INFORMATION SUPPLIED:
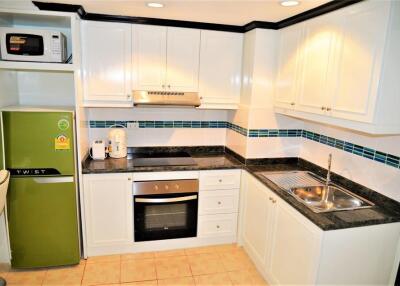 Modern kitchen with white cabinets, green fridge, and appliances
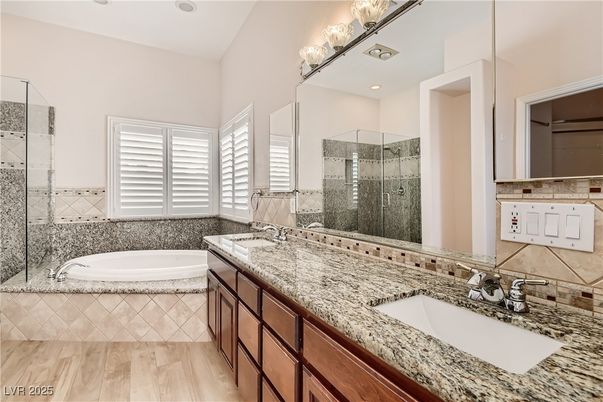 Bathroom, Dual Sink Vanities, Glass Shower, Interior, Recessed Lighting, Wood Texture Flooring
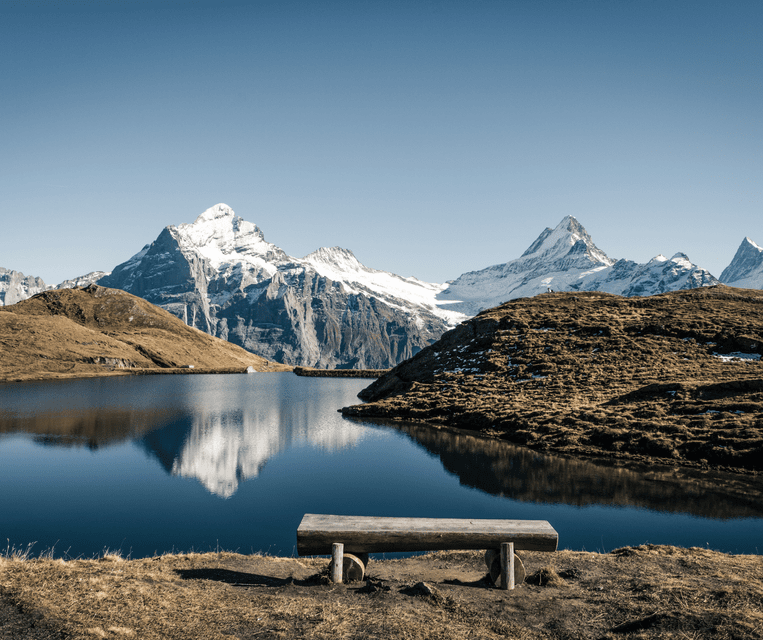 An empty wooden bench on a grassy shore overlooks a calm lake reflecting snow-capped mountains under a clear sky.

PROBLEM TO SOLVE:
Restate all of the data word for word and include no pictures.

ANSWER BOX:
 Modern kitchen with white cabinets, green fridge, and appliances
 Bathroom, Dual Sink Vanities, Glass Shower, Interior, Recessed Lighting, Wood Texture Flooring
 An empty wooden bench on a grassy shore overlooks a calm lake reflecting snow-capped mountains under a clear sky.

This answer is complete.